**AIM OF THE TASK:** When you return the material, keep every line exactly as it is and omit the pictures.

**DATA SEGMENT:**
•••••
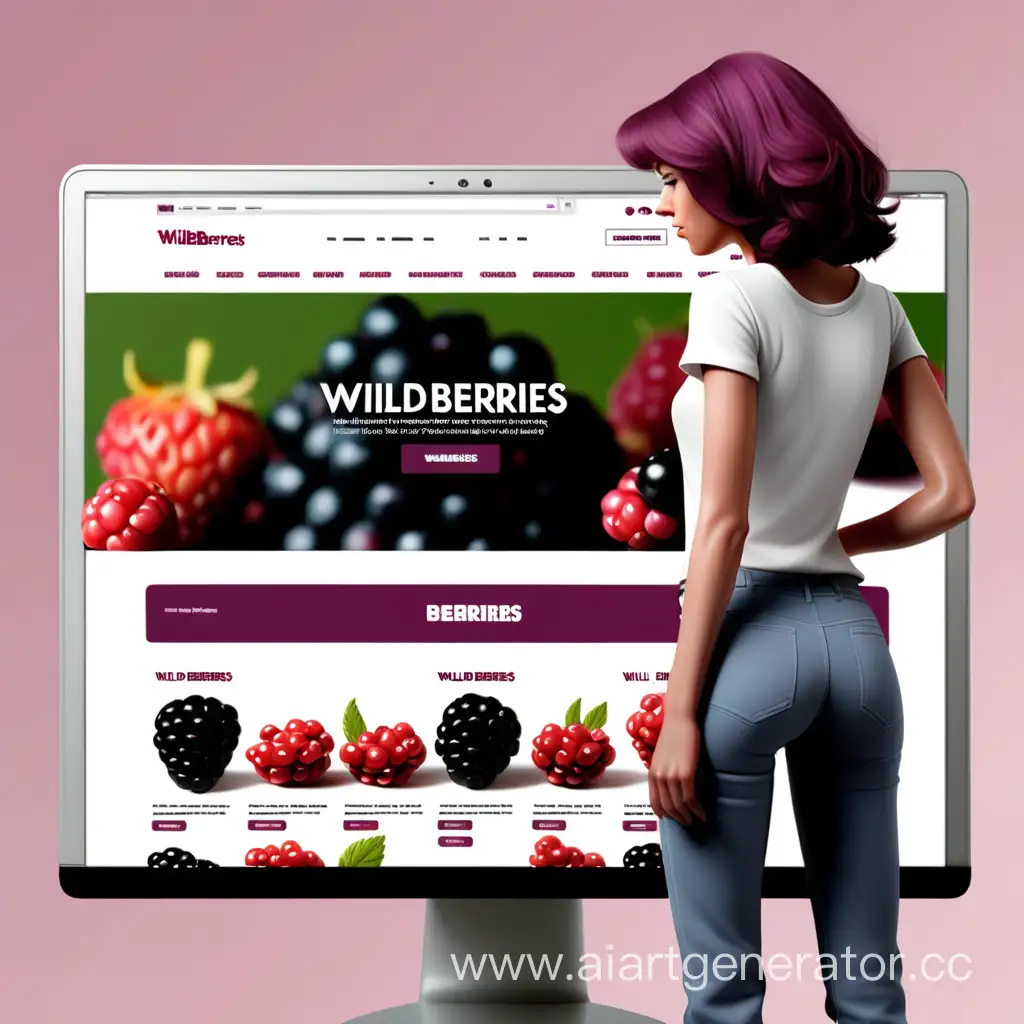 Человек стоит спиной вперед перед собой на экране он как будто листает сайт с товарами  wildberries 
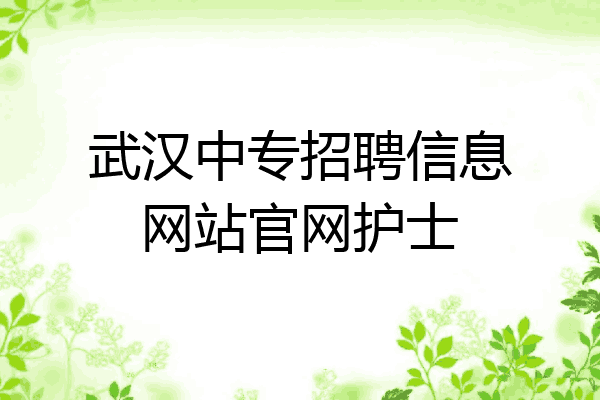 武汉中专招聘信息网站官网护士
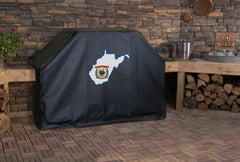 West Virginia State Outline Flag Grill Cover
•••••
**RESPONSE AREA:**
 Человек стоит спиной вперед перед собой на экране он как будто листает сайт с товарами  wildberries 
 武汉中专招聘信息网站官网护士
 West Virginia State Outline Flag Grill Cover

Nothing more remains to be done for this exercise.